• WTFGuy (unregistered)

    The frist problem is obvious. The Num field represents a counting number but is typed as a string. Which means that "12" sorts before "2". Oops.

    Now the real problem of course was whoever typed the field as a string, and the second problem is whoever stored the data there without leading zeros.

    The solution here is pure code-monkey dumb. Complete with out of order clauses, repeated replacements that are NOP, and the non-delimited ".2" & ".3" at the end. Which would have he fun effect of turning a Num value of "21" into "021" and really fouling up their sorting.

  • (nodebb)

    Sometimes people really don't understand the purpose of a persistent organized storage device like a rational database.
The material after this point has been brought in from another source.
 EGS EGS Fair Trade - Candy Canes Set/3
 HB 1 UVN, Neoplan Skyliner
  • IxamBT (unregistered) in reply to MaxiTB

    rational database

    So, not MySQL then.

  • (nodebb)

    then I suspect someone just had no clue what was happening here

    count me in that group.

    What the hell is it trying to do?

    Addendum 2023-08-21 07:16: Is it just putting leading zeroes on some numbers?

  • Pag (unregistered)

    Num holds something like 1.2.3 and that is supposed to come before 1.12.3.1 so an alphabetical sort doesn't work. Obviously you want to avoid being in this situation in the first place as I don't suppose there is a right way to achieve it in SQL.

  • Sauron (unregistered)

    Q: Why TF did you implement it that way?
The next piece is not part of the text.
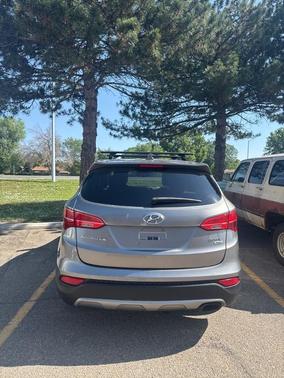 2013 Hyundai SANTA FE Sport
    A: John told us to use replace() several times.

  • Tim Ward (unregistered)

    Input data didn't meet spec, and this fudge was easier than getting the supplying system fixed?
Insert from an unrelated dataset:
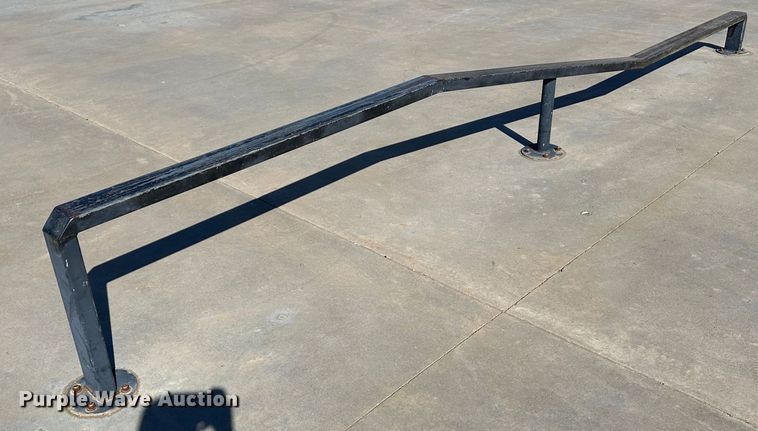 image for item LT9290 Woodward skate park equipment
  • Stephan (unregistered)

    bit of googling brings you to:

    sql = sql + "ORDER BY Section, cast('/' + replace(Num , '.', '/') + '/' as hierarchyid)"

    for the right result

    :-)

  • (nodebb)

    Is Num something like a semantic version number? Version 1.2.3 should sort earlier than 1.12.0. And yes, if the version number is just saved as a string, that's going to be difficult to sort in SQL.

  • Robin (unregistered) in reply to MaxiTB

    Nothing about this appears to be rational.

    (I realise you almost certainly meant "relational", but the opportunity was too good to miss. )

  • (nodebb) in reply to Robin

    Yeah, just a typo :-)

  • Scragar (unregistered) in reply to Eric Ray

    Surely then you'd just use string parts and cast it to an integer.

    Seen code before to compare version numbers that splits it into parts and converts each part to an integer to compare it. Something like:

        CAST( LEFT(versionNo, CHARINDEX('.', versionNo) - 1) AS Integer) AS VersionMajor
    

    This is horrible to do as it gets complex fast(grabbing the second reference requires you to use the index of the first dot+1 as the index for the second, then the third requires the index of the second, etc.

    If you do bother to set this up as a computed column though you can at least get away with

        ORDER BY
            versionMajor DESC,
            versionMinor DESC,
            versionBuild DESC
    

    Which at least is very easy to understand and works brilliantly.

  • Conrad Buck (unregistered)

    Look carefully! The base of all the replaces is: '.' +Num + '.'

    That says to me that the requirement was simply "0-pad single digits". I'd bet the idea of the .'s was to ensure that the pattern matched the entire input. Somewhere outside the code we are being shown I presume the extra .'s are being stripped away again.

  • Tim R (unregistered)

    I've done almost this exact thing. I wanted some characters to be ignored when full-text indexing a column so I had to copy it into another column without those characters. It was either use nested replace or move out of an SQL-only process into a combination of SQL and code. The nested replace was a lot easier to do

  • WTFGuy (unregistered)

    It never ceases to amaze me how many people here don't understand the code before they comment. Perhaps that's the source of so many of the WTFs we each create in the wild.

    Conrad Buck got it almost right. It's simply zero-padding any single digit numbers. But there's no need to strip those added dots later because this transform is part of an ORDER BY clause. It's not affecting the returned values, just the sequence they're presented in.

  • (nodebb)

    To me that looks a lot like sorting a dynamic pivot table and the replacement feels a lot like date handling.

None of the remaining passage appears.